Here $X$ denote the number of male children before two female children. Then the random variable $X$ follows a negative binomial distribution $NB(2,0.5)$.
using negative probability calculator, probabilities are calculated as below :
a. The probability distribution of $X$ (number of male children before two female children) is
$$ \begin{aligned} P(X=x)&= \binom{x+2-1}{x} (0.5)^{2} (0.5)^{x},\quad x=0,1,2,\ldots\\ &= \binom{x+1}{x} (0.5)^{2} (0.5)^{x},\quad x=0,1,2,\ldots \end{aligned} $$
b. The family has four children means 2 male and 2 female. Thus probability that a family has four children is same as probability that a family has 2 male children before 2 female children.
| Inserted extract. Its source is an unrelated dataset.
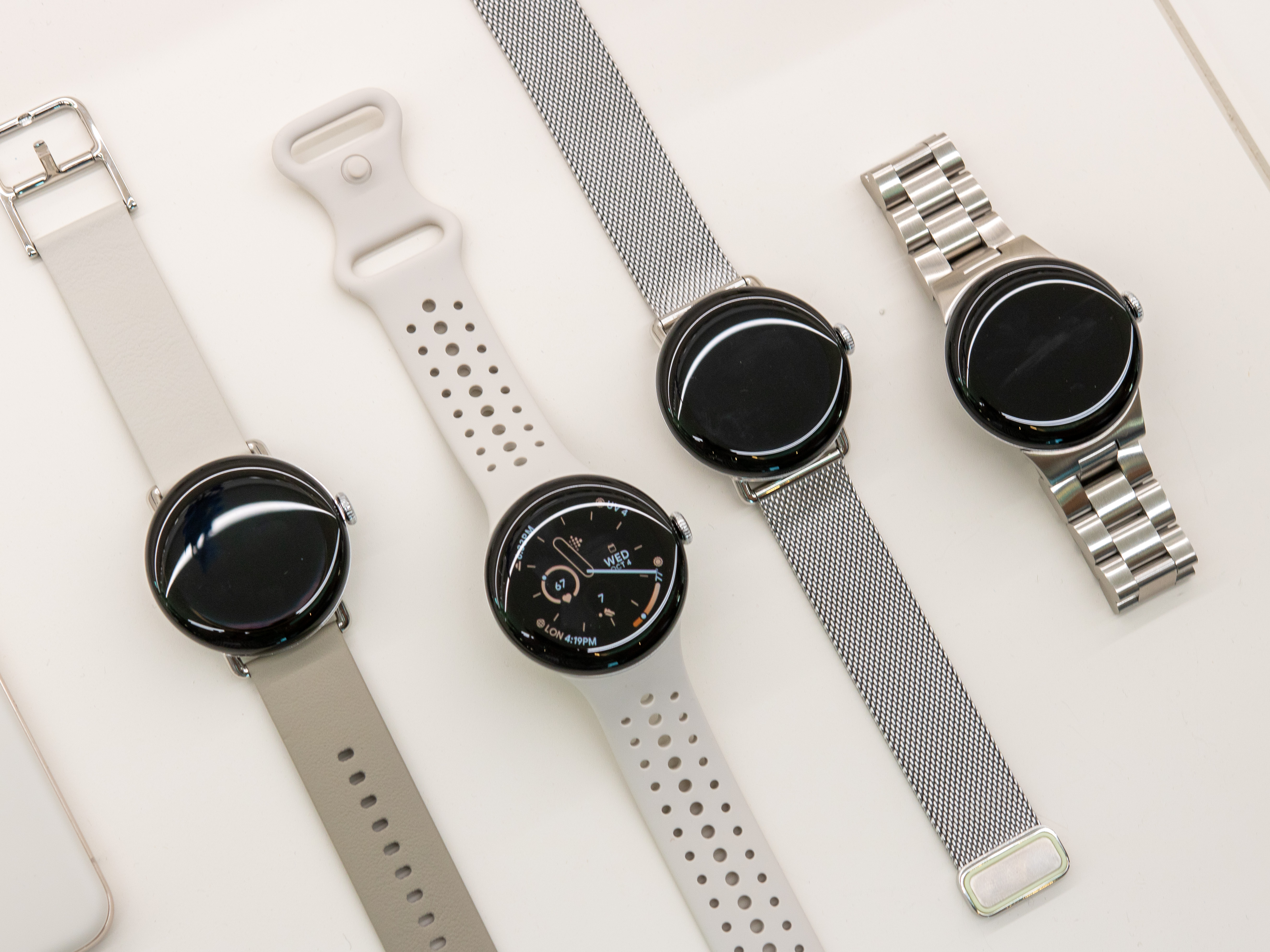 Smartwatch Face-Off: Pixel Watch 2 Vs. Apple Watch Vs. Samsung Watch 6 -  Forbes Vetted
$$ \begin{aligned} P(X=2) & = \frac{(2+1)!}{1!2!}(0.5)^{2}(0.5)^{2} \\ & = 0.1875 \end{aligned} $$
c. The family has at the most four children means $X$ is less than or equal to 2. Thus, the probability that a family has at the most four children is
$$ \begin{aligned} P(X\leq 2) & = \sum_{x=0}^{2} P(X=x)\\ & = p(0) + p(1) + p(2)\\ & = 0.25+ 0.25+0.1875\\ &= 0.6875 \end{aligned} $$
where
$$ \begin{aligned} p(0) & = \frac{(0+1)!}{1!0!}(0.5)^{2}(0.5)^{0}\\ & = 0.25. \end{aligned} $$
$$ \begin{aligned} p(1) & = \frac{(1+1)!}{1!1!}(0.5)^{2}(0.5)^{1}\\ & = 0.25. \end{aligned} $$
$$ \begin{aligned} p(2) & = \frac{(2+1)!}{1!2!}(0.5)^{2}(0.5)^{2}\\ & = 0.1875. \end{aligned} $$
d. The expected number of male children is
$$ \begin{aligned} E(X)& = \frac{rq}{p}\\ & = \frac{2\times0.5}{0.5}\\ & = 2 \end{aligned} $$
e. The expected number of children is
$$ \begin{aligned} E(X+2)& = E(X) + 2\\ &= 2+2. \end{aligned} $$
Conclusion
Hope you like and find above article on Negative Binomial Distribution Calculator with step by step guide with various numerical examples helpfule and educational.